With both provincial legislation and a second bylaw in place, the Town of Okotoks is letting one of its masking bylaws fall off the books at the end of the month.
The Town’s municipal spaces mask bylaw, 28-20, was given third reading on Aug. 17 and came into effect Aug. 24, mandating face coverings be worn in all indoor Town facilities, including the Okotoks Recreation Centre, Foothills Centennial Centre, Pason Centennial Arenas, the Okotoks Municipal Building and Operations Centre, and the Eco Centre. Masks were also mandatory on Okotoks Transit.
At the same time, council approved a bylaw to make masking mandatory in all Okotoks public indoor spaces, including transportation services, should the number of cases in town reach 15. Bylaw 31-20 would remain in effect until the number of cases dropped below 15 for 30 consecutive days.
The bylaw came into effect on Oct. 26 when cases reached the trigger point of 15.
With this bylaw still in place and the Province mandating masking in all indoor spaces, Okotoks protective services director Kelly Stienwand said the Town’s initial masking bylaw is now redundant, as its purpose is covered under Bylaw 31-20 and provincial regulation.
“If the Province lifts the public health orders requiring masking provincially then we do remain covered by Bylaw 31-20 until the number of cases in Okotoks falls below 15 for more than 30 days,” he said.
He recommended allowing the bylaw to run its natural course and not extend its expiry date of Jan. 31.
“Should previous conditions addressed in this bylaw reoccur and be necessary to protect the health and wellbeing of our staff and citizens, administration would bring a bylaw forward for council’s consideration,” said Stienwand.
The Town’s bylaws stipulate penalties of $100 for failure to wear a mask in public spaces and $200 for failure to display mandatory masking signage at an indoor public facility.
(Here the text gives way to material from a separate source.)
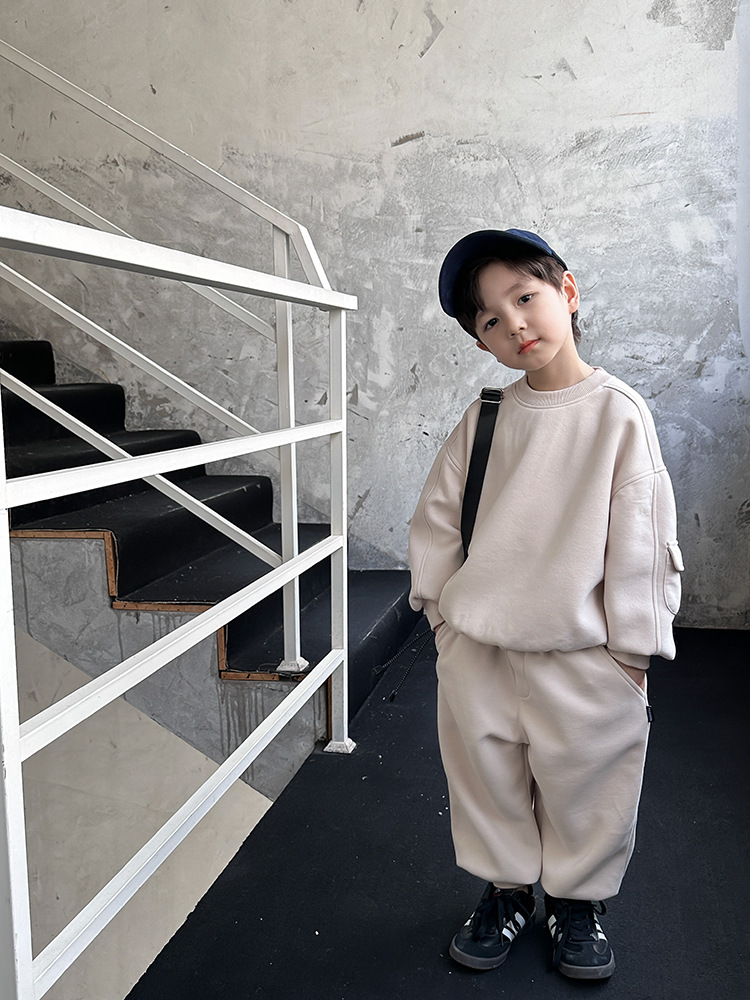 2023-08-27 102935.jpg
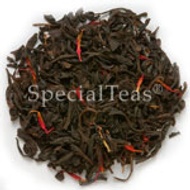 Earl Grey Organic from SpecialTeas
The provincial mandate carries a fine of $1,000, which he said is difficult for officers in the field.
“It is a bit of a challenge for our enforcement staff when they’re dealing with a variety of different situations,” said Stienwand. “A $1,000 fine is a very significant thing to issue. In some cases, it does impact the decision-making that they happen to do out on the front line.”
So far, Stienwand said people in Okotoks have been fairly compliant and officers in town are confident the fines in the municipal bylaw are sufficient.